Background: The axolotl, Ambystoma mexicanum is a unique biological model for complete tissue regeneration. Is a neotenic endangered species and is highly susceptible to environmental stress, including infectious disease. In contrast to other amphibians, the axolotl is particularly vulnerable to certain viral infections. Like other salamanders, the axolotl genome is one of the largest (32 Gb) and the impact of genome size on Ig loci architecture is unknown. To better understand the immune response in axolotl, we aimed to characterize the immunoglobulin loci of A. mexicanum and compare it with other model tetrapods.
Methods: The most recently published genome sequence of A. mexicanum (V6) was used for alignment-based annotation and manual curation using previously described axolotl Ig sequences or reference sequences from other tetrapods. Gene models were further curated using A. mexicanum spleen RNA-seq data. Human reference genomes, Xenopus tropicalis, and Danio rerio (zebrafish) were used for comparison.
Results: Canonical A. mexicanum Heavy chain (IGH), lambda (IGL), sigma (IGS) and Surrogate light chain (SLC) loci were identified. No kappa locus was found. More than half of the IGHV genes and the IGHF gene are pseudogenes, there are no clan I IGHV genes and CDRH3 diversity is restricted. Although the IGH locus size is proportional to genome size, we found local size restriction in the IGHM gene and in the V gene intergenic distances. In addition, there were V genes with abnormally large V-intron sizes, which correlated with loss of gene functionality.

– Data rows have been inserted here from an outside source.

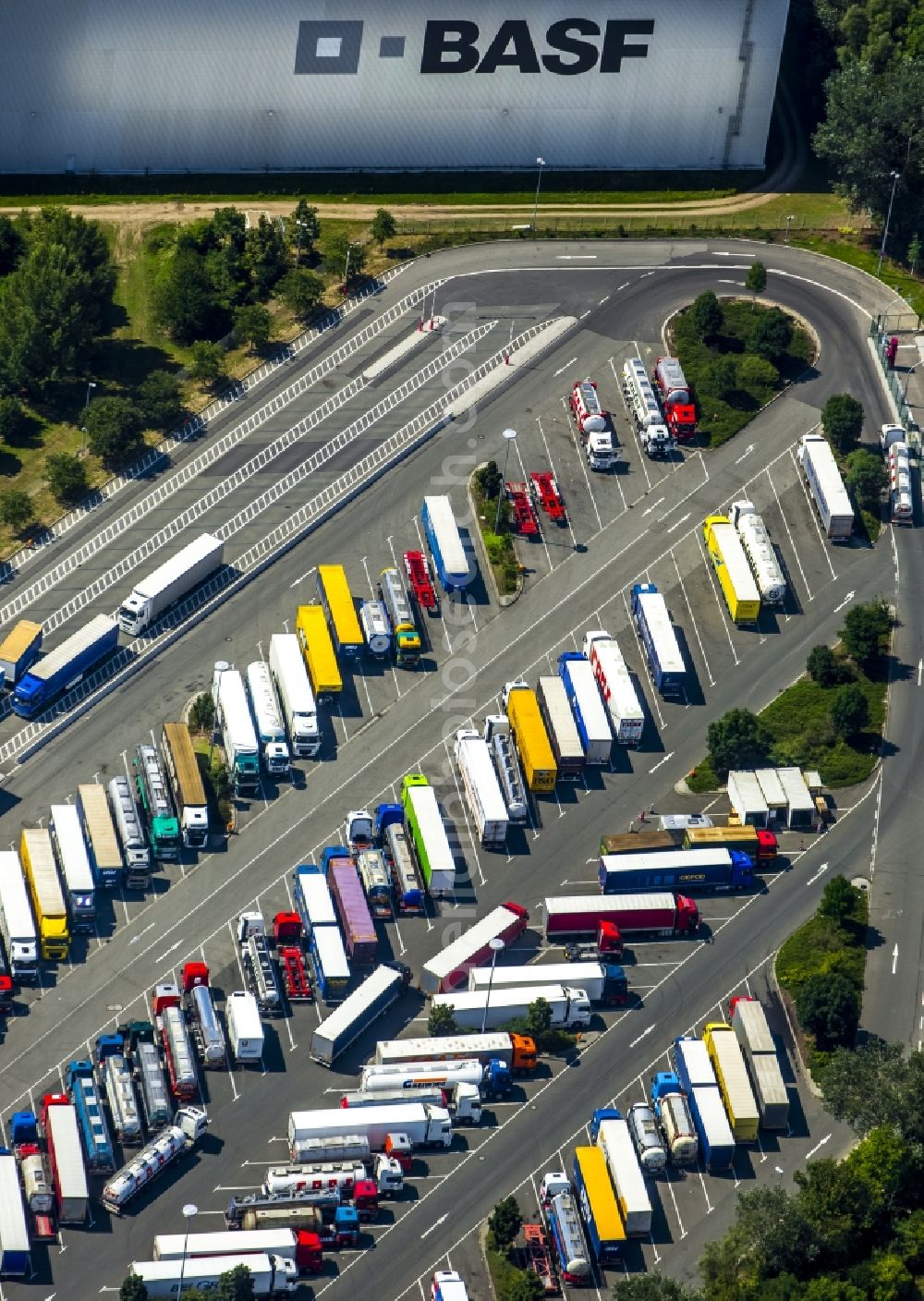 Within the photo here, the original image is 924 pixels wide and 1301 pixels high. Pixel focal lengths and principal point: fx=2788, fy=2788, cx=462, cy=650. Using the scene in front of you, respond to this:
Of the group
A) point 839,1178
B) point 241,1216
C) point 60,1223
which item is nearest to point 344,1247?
point 241,1216

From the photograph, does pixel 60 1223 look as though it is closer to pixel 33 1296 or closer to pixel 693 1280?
pixel 33 1296

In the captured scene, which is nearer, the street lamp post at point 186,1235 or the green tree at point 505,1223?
the street lamp post at point 186,1235

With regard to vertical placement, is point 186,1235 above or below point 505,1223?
below

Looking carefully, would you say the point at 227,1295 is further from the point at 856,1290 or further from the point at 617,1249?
the point at 856,1290

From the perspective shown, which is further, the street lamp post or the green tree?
the green tree

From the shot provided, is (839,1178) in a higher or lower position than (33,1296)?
higher

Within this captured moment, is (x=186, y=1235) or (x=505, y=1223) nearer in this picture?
(x=186, y=1235)

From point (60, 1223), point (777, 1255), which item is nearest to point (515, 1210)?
point (777, 1255)

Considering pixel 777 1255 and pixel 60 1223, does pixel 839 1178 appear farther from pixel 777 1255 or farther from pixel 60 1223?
pixel 60 1223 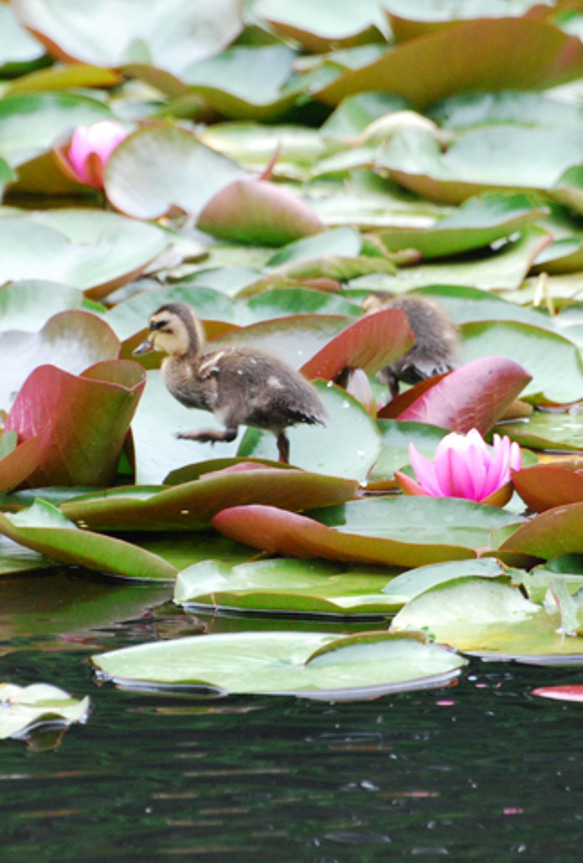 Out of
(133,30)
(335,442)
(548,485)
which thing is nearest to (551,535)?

Conclusion: The A. mexicanum immunoglobulin loci share the same general genome architecture as most studied tetrapods. Consistent with its large genome, Ig loci are larger; however, local size restrictions indicate evolutionary constraints likely to be imposed by high transcriptional demand of certain Ig genes, as well as the V(D)J recombination over very long genomic distance ranges. The A. mexicanum has undergone an extensive process of pseudogenization which partially explains a reduced potential repertoire diversity that may contribute to its impaired antibody response.